Illinois State University President Larry Dietz confirmed in an email to students, faculty and staff that Ward, 36, and Leetch, 37, also were killed in the early morning crash.


"Words cannot fully express the grief that is felt in the wake of such a tragedy," Dietz wrote, adding that both men were well-respected and much-loved in the athletics department. "We move between shock and profound sadness."


The Cessna 414 twin-engine aircraft took off from Indianapolis and crashed just short of the Central Illinois Regional Airport in Bloomington after midnight, the Federal Aviation Administration said.


There was no immediate word on the cause of the crash, and the National Transportation Safety Board said its full investigation was expected to take a year to 18 months.
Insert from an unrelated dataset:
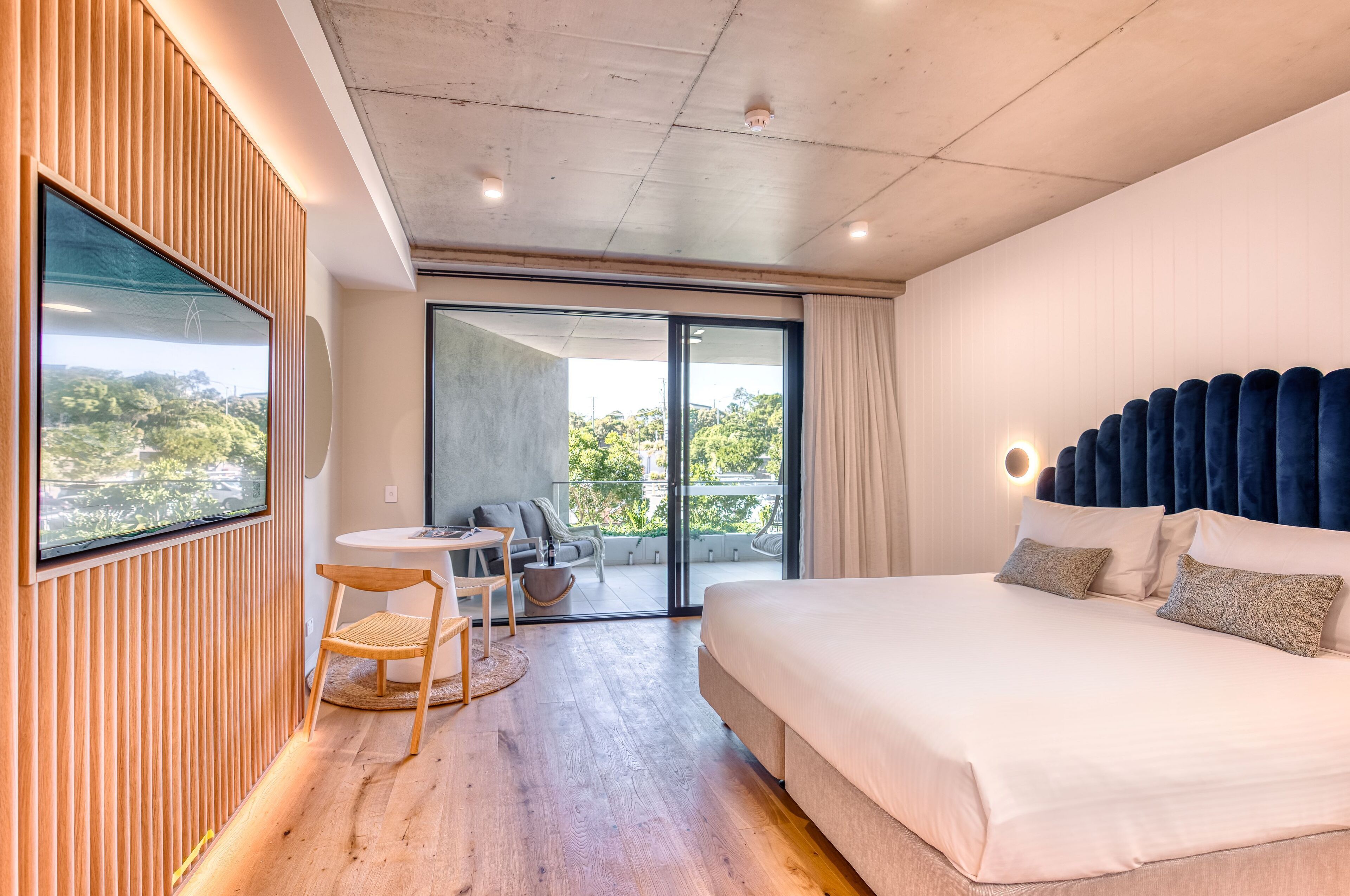 A modern hotel room with a large bed, a balcony with a view, a seating area, and a TV on the wall.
The airport was open and all systems, including its runway lighting, were functioning, though the tower had closed several hours earlier and handed responsibility to an air traffic control facility in Peoria. Radar contact was lost moments before the crash, and a search was launched when the pilot failed to close out his flight plan. It took about three hours to find the wreckage.


News photos from near the scene showed dense fog. NTSB investigator Todd Fox said the plane was cleared to land in fog and rain but appears to have made a turn away from approaching the runway before crashing. It isn't clear why, he said.


Fox said he didn't know if the plane was having problems or if the pilot radioed in distress. The plane's engines caught fire on impact, Fox said.


The pilot had flown about 12,000 hours and held an air transport license, which allows a pilot to fly commercial airliners, Fox said.


The other victims included Jason Jones, 45, a former basketball and baseball player for Illinois Wesleyan University who worked at Wells Fargo Advisors.


"He loved his children and his family more than anything in the world, wonderful man. That's really all I can say right now," said his wife, Lyndsey Jones.


The McLean County coroner's office identified the other victims as Stralow, pilot Thomas Hileman, 51, and Andrew Butler, 40, an employee of Sprint.


Bittner lived with his wife and two children in Towanda, a small village just outside Bloomington, his co-worker Wertz told The Associated Press. He owned a meat processing plant in Eureka, Illinois, carrying on the family's line of work after his dad established another plant in the small city of Chenoa, where Bittner grew up.


"He always told me that he wasn't my boss, that I didn't work for him, I worked with him," said Wertz, who has worked at Bittner's Meat Co. for 15 years.


"If I needed anything, he'd do anything for you," Wertz said through tears.


The aircraft was registered to Make it Happen Aviation LLC of Towanda, Illinois.